I included "Shhhhhhhh! (For a Little While)" in one of my podcasts but I used it as an instrumental bed for some announcements, so I'm posting it here, free of my voice. "Shhhhhhhh!" is a nice uptempo groove that encroaches on Northern Soul territory. There's a great hard piano groove that undergirds the record, and James mixes his quirky organ playing (see my prior post about "Believers Shall Enjoy" in regards to the mixed opinion that exists about JB's organ-led instrumentals ) with little grunts and "all rights." JB appears to be having a lot of fun working it out on this one, and I dare you to sit still through it. James played electric piano on "Blind Man Can See It," which was part of the Black Caesar soundtrack. A popular track for sampling, "Blind Man Can See It" starts off with a typical early-'70s JB groove, but then James and the piano storm to the forefront and the band lays back to allow James to solo for the rest of the tune in an almost conversational way. (The full version of the track, unearthed for the In the Jungle Groove comp, finds James adding some spoken commentary later in the cut which, in my opinion, wrecks the vibe that makes the tune special.)

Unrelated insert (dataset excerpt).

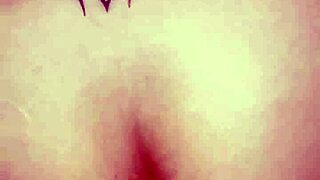 sexy anal creampie with curvy latina housewife in doggystyle fucking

If JB's keyboard work was unorthodox and unusual, his participation in Fred Wesley & The J.B.'s version of Herbie Hancock's "Watermelon Man" shows that his drumming was equally unique. I don't know what the circumstances were that inspired JB to take to the drum kit (usually left to the great John "Jabo" Starks and/or Clyde Stubblefield), but he lays down this hot-foot beat, pounding away on the bass drum and scattering snare and cymbal shots around in a manner more akin to a tap dancer's hoofing than jazz drumming (perhaps James was dancing on the stool while he played). Whatever James was doing, the tune does work and it showcases the jazz chops of James' band.